Fused TQ4 K+V attention via cache side-channel.

Reads compressed K/V from the CompressedDynamicCache stashed on module._tq4_cache (ignoring the decompressed key/value args). Falls back to vanilla Triton FA if no cache reference is found.

Parameters:

Name	Type	Description	Default
`module`	`Module`	Attention layer with `layer_idx` and `_tq4_cache` attrs.	required
`query`	`Tensor`	`[batch, H_Q, seq_q, head_dim]` (RoPE already applied).	required
`key`	`Tensor`	`[batch, H_KV, seq_kv, head_dim]` — ignored when fused.	required
`value`	`Tensor`	`[batch, H_KV, seq_kv, head_dim]` — ignored when fused.	required
`attention_mask`	`Optional[Tensor]`	Optional additive mask.	required
`dropout`	`float`	Must be 0 (inference only).	`0.0`
`scaling`	`Optional[float]`	Softmax scale.	`None`

Other Parameters:

Name	Type	Description
`is_causal`	`bool \| None`	Override causal mode.
`**kwargs`	`object`	Additional model-specific arguments (ignored).

Returns:

Type	Description
`tuple[Tensor, None]`	`(output, None)` with output `[batch, seq_q, H_Q, head_dim]`.
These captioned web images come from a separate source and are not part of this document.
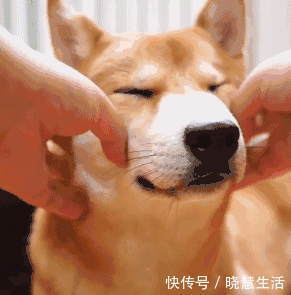 失眠|常吃这几种水果,一觉睡到天亮不失眠,省下无数补品钱!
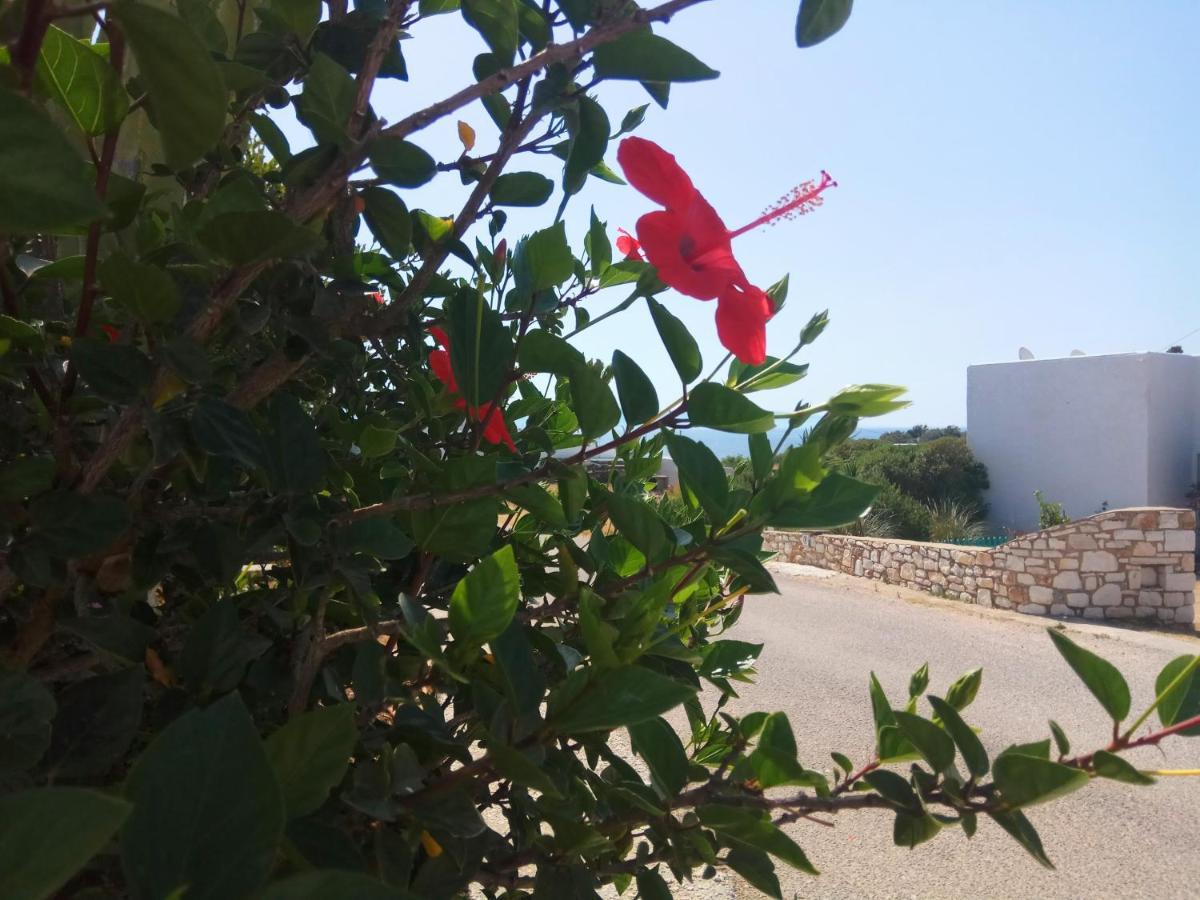 לוגאראס Nicos Studios & Apartments מראה חיצוני תמונה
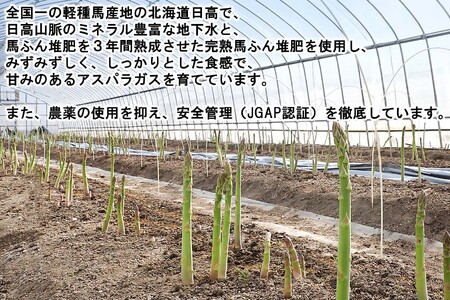 ＜2026年4月上旬より順次発送＞ 北海道産 春採り ムラサキ アスパラガス 1kg 2Lサイズ ＜予約受付＞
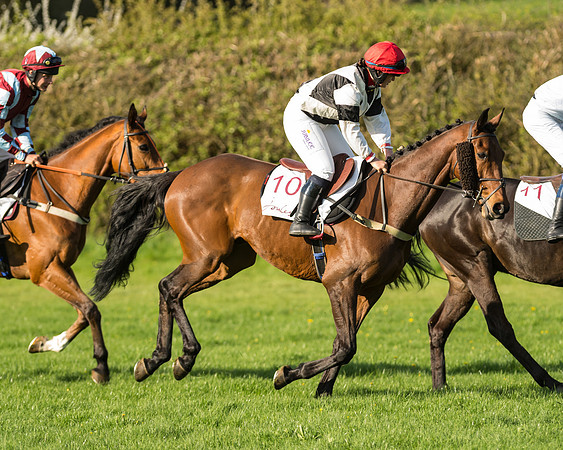 Novice riders at the Pytchley Meeting 2018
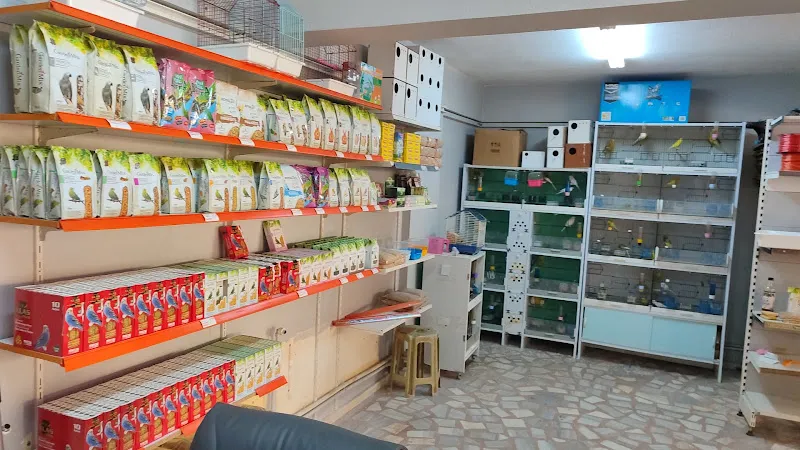 Göktürk Akvaryum & Pet Shop foto 2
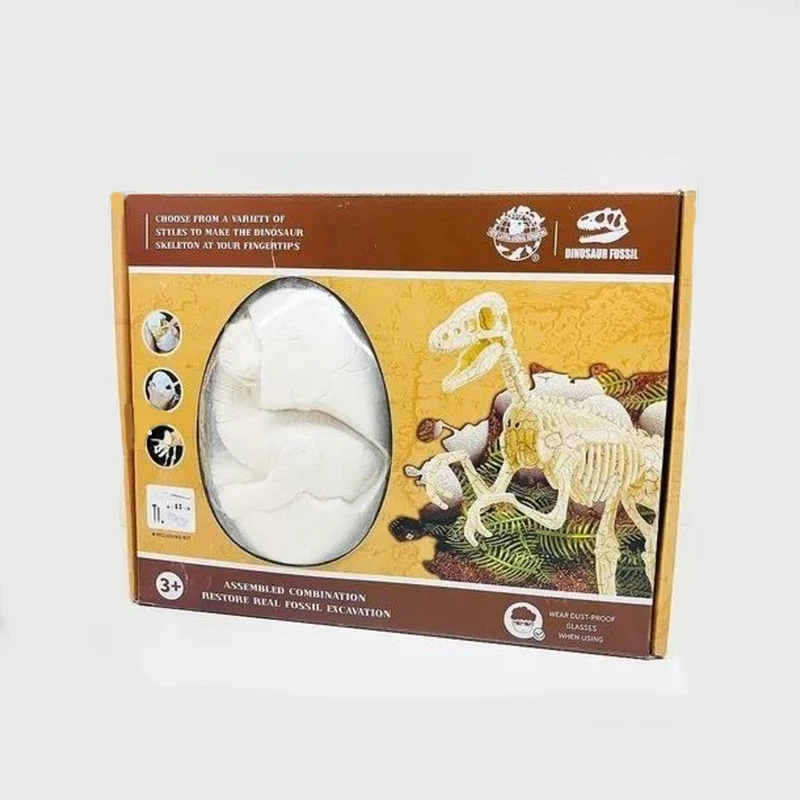 کیت آموزشی مدل حفاری استخوان دایناسور 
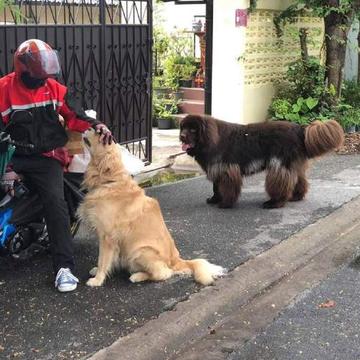 滚筒洗衣机_于2020-06-19 14:09发布的图片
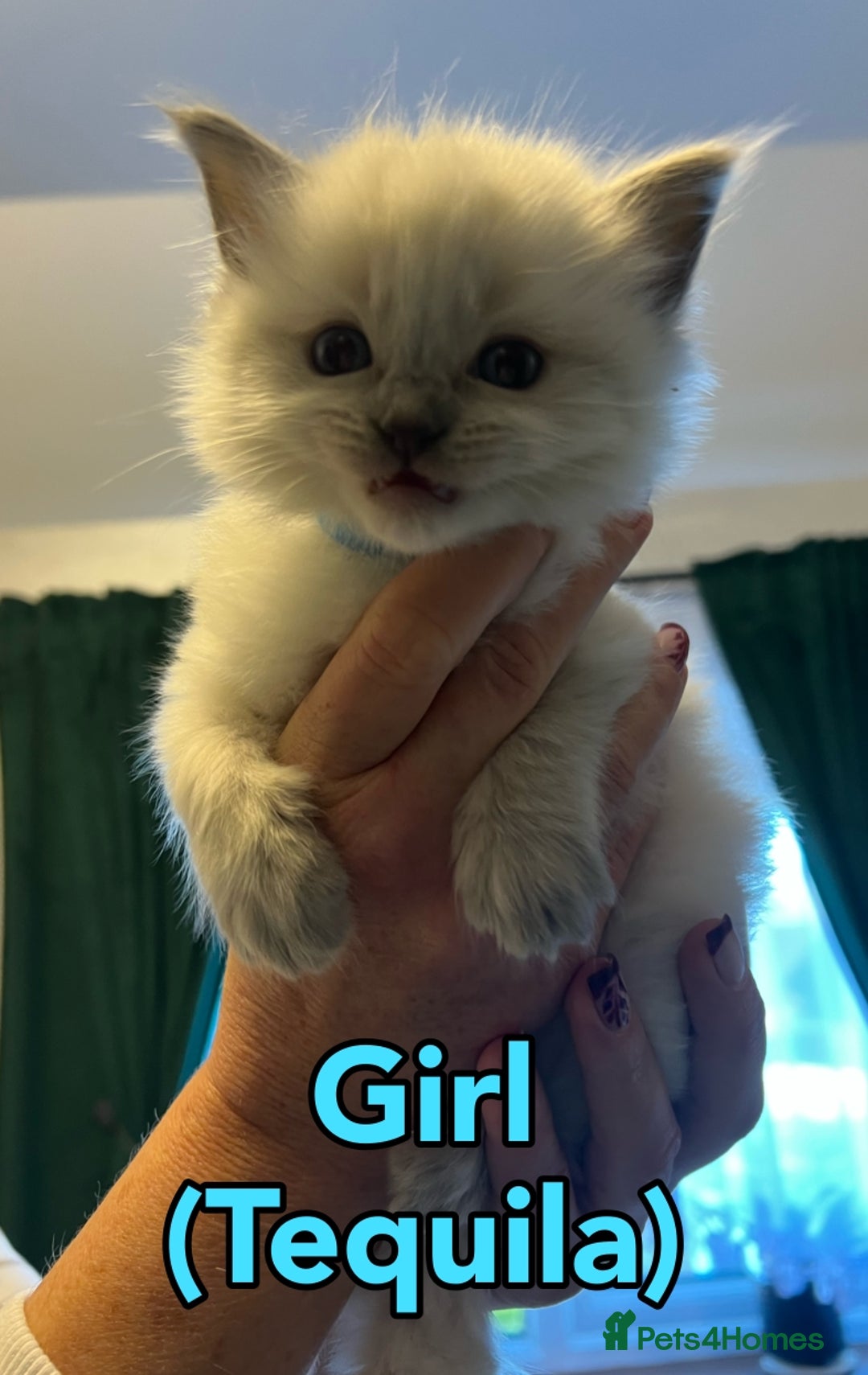 Ragdoll cats for sale: Pure Breed Ragdoll Kittens For Sale - Advert 3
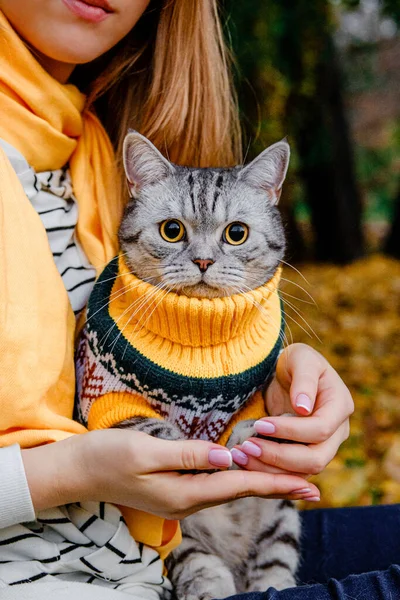 Gato Sorprendido Con Grandes Ojos Suéter Sienta Las Manos Las —  Fotos de Stock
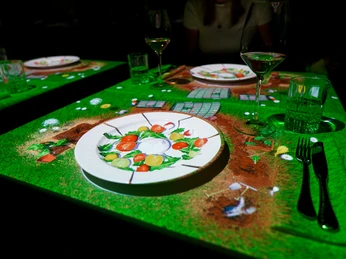 01 Starter Salad CloseupProjection 1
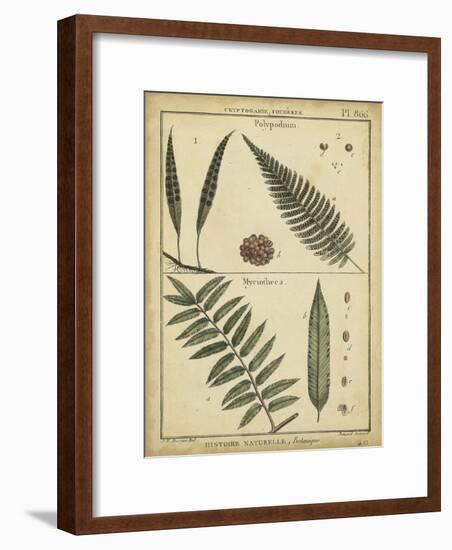 Diderot Antique Ferns III-Daniel Diderot-Framed Art Print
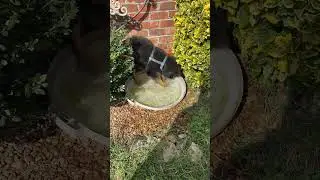 Puppy Pedro the Digging a water hole😁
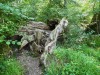 2016_07_28 Murten 7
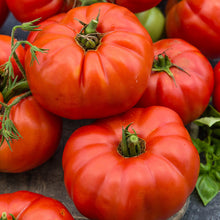 Load image into Gallery viewer, Organic Beefsteak Tomato Plant Seeds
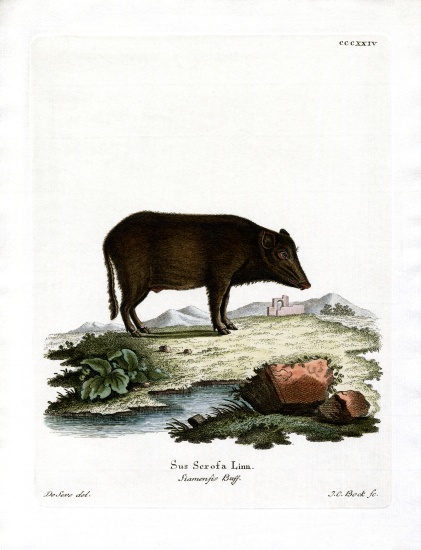 Siamese Wild Boar from German School, (19th century)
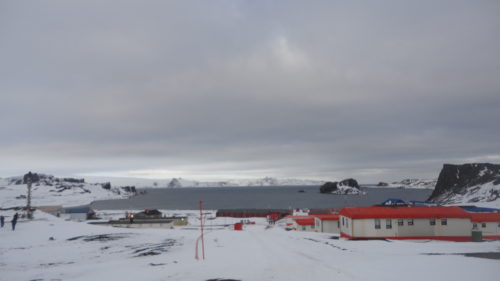 A Antártida não pode mais reivindicar ser o único continente livre do coronavírus depois que 36 chilenos testaram positivo para COVID-19.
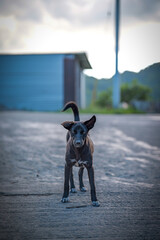 Curious Black Stray Puppy Standing on a Road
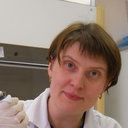 N.M. Faustova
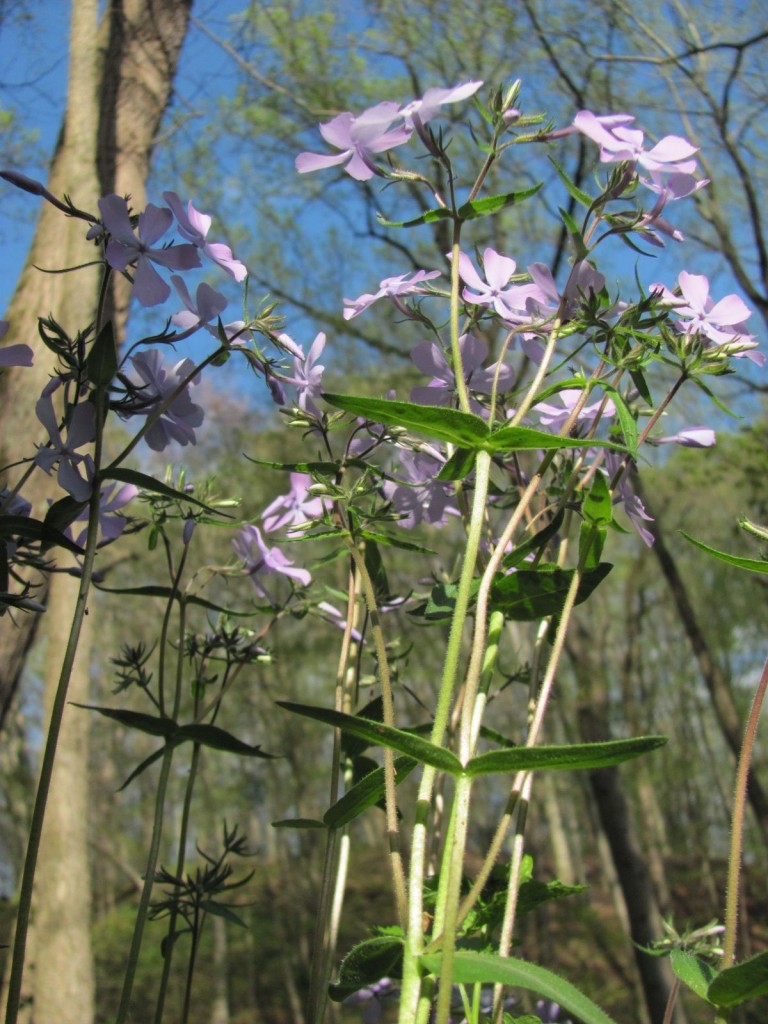 SHENKS FERRY WILDFLOWER PRESERVE, MONDAY, APRIL22ND, 2013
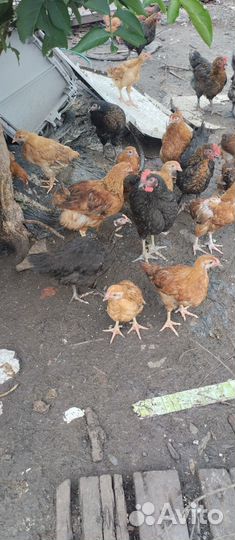 Куры молодки, адлерские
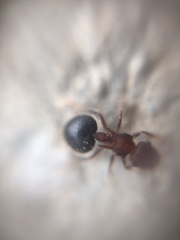 Meranoplus bicolor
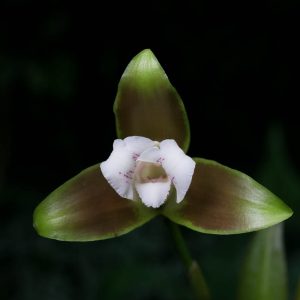 Flor de orquídea Lycaste con sepalos verde oscuro y chocolates y petalos blancos con manchas rosadas pequeñas y fondo negro
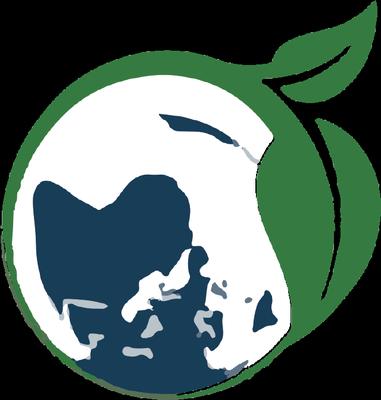 Global Environmental Consultants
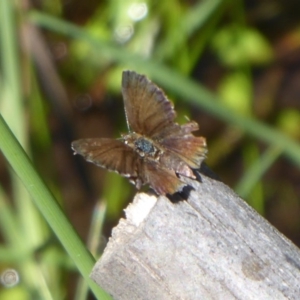 Neolucia agricola at Paddys River, ACT - 4 Feb 2019 09:31 AM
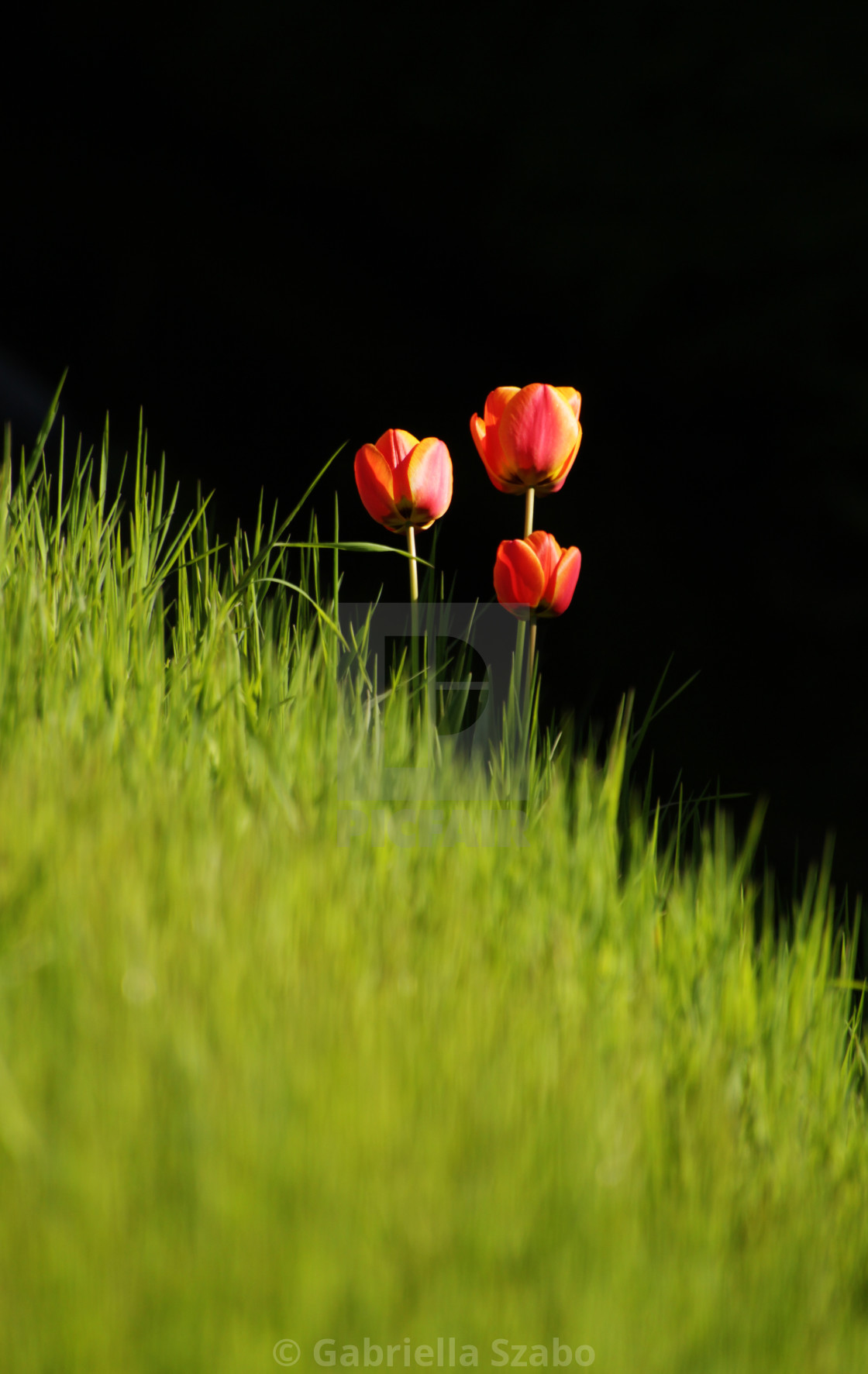 "three the tulips" stock image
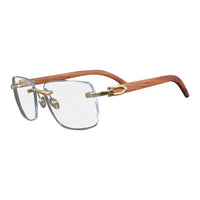 Vision Optik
Source code in src/turboquant_vllm/triton/attention_interface.py

def triton_fa_tq4_kv_forward(
    module: torch.nn.Module,
    query: torch.Tensor,
    key: torch.Tensor,
    value: torch.Tensor,
    attention_mask: Optional[torch.Tensor],
    dropout: float = 0.0,
    scaling: Optional[float] = None,
    **kwargs: object,
) -> tuple[torch.Tensor, None]:
    """Fused TQ4 K+V attention via cache side-channel.

    Reads compressed K/V from the ``CompressedDynamicCache`` stashed on
    ``module._tq4_cache`` (ignoring the decompressed *key*/*value* args).
    Falls back to vanilla Triton FA if no cache reference is found.

    Args:
        module: Attention layer with ``layer_idx`` and ``_tq4_cache`` attrs.
        query: ``[batch, H_Q, seq_q, head_dim]`` (RoPE already applied).
        key: ``[batch, H_KV, seq_kv, head_dim]`` — ignored when fused.
        value: ``[batch, H_KV, seq_kv, head_dim]`` — ignored when fused.
        attention_mask: Optional additive mask.
        dropout: Must be 0 (inference only).
        scaling: Softmax scale.

    Other Parameters:
        is_causal (bool | None): Override causal mode.
        **kwargs: Additional model-specific arguments (ignored).

    Returns:
        ``(output, None)`` with output ``[batch, seq_q, H_Q, head_dim]``.
    """
    cache: CompressedDynamicCache | None = getattr(module, "_tq4_cache", None)
    layer_idx: int | None = getattr(module, "layer_idx", None)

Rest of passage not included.